This week, we start with very important definitions that will change the way you look at things. These definitions are the beginning and end of HCI.
Read this class hand out and participate in the class activities with Lucy. Please answer questions sent by Lucy to participate in the class activities.
Interaction Design (ID)
In ID, we design interactive products or interaction for people.
In order to do this, we need know the people for whom we design the interactive products?
Sounds simple enough, so what HCI all about? Why do we need another subject for this?
The world you know can be very different from the world you see.
Suppose we want to develop a mobile banking application for the 2.5 billion people on Earth, we call the Unbanked population. Just think about the number of languages, behaviors, customs, cultures, traditions, and ethical issues that we have to cover.
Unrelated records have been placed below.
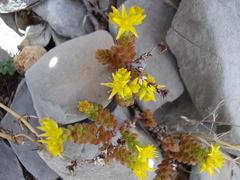 Sedum chrysicaulum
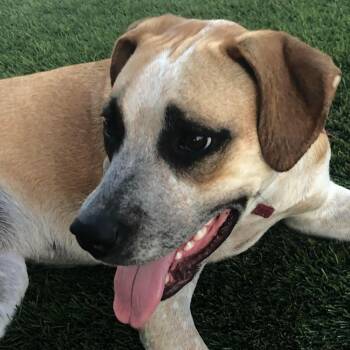 Rescue Australian Cattle Dog Blue Heeler and Mastiff Dogs for Adoption in Phoenix, Arizona - Helena Aka Shilo | PetCurious
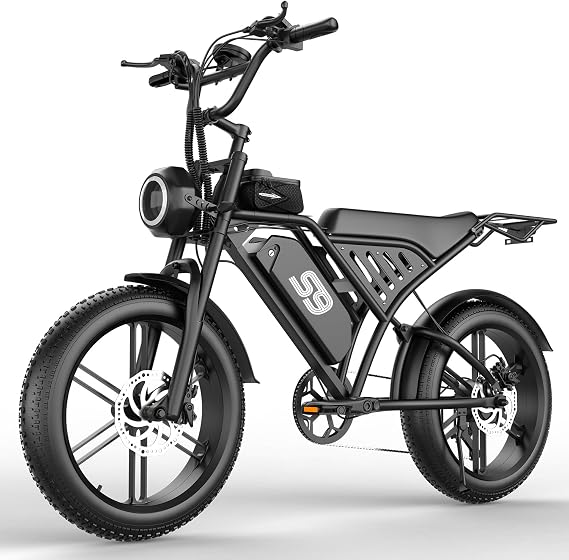 Electric Bike for Adults, 2500W Peak Motor, Up to 36 MPH 65 Miles, 48V 20Ah Removable Battery, 20" Fat Tire Ebike, Color LCD Display, Support Cruise Control, Setting Speed Limit, NFC & Password Unlock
Before HCI, this sounds daunting, but after HCI, you will stand here feeling very confident to tacking this challenge.
Usability and User Experience
One of the big challenges of ID is predicting whether an interactive product would be successful or figuring out how to design a successful product.
Therefore, we need some guidance. We start with some basic concepts that we must know as a professional HCI consultant: Usability and User experience.
To put simply,
- Usability is about improving productivity of users in a safe environment, such as efficiency, effectiveness, and functionality.
- User experience came out recently as people become more expensive or valuable: we now care about how people feel who use machines.
We will learn later how we can improve and measure usability and user experience of interactive products.
Now, we can finally define what ID is more precisely.
ID is developing Usable products.
Usable means the interactive product must be:
- Easy to learn
- Efficient and effective to use
- Enjoyable to use
Now use these criteria to evaluate the following products. Are they usable? Use the terms to describe professionally.
Which is better in terms of “usable” and why?
We could say the TiVo remote so much better because it is peanut shaped to fit in hand: ergonomic, comfortable, enjoyable to hold. The buttons as logically laid out, color-coded, and have distinctive shaped: easy to learn and easy to locate buttons (efficient).
Why was the iPod user experience such a success?
The designers focused on quality user experience from the start resulting in simple and elegant design, distinct brand, pleasurable user experience becoming a fashion item with catchy names, cool looks and styles.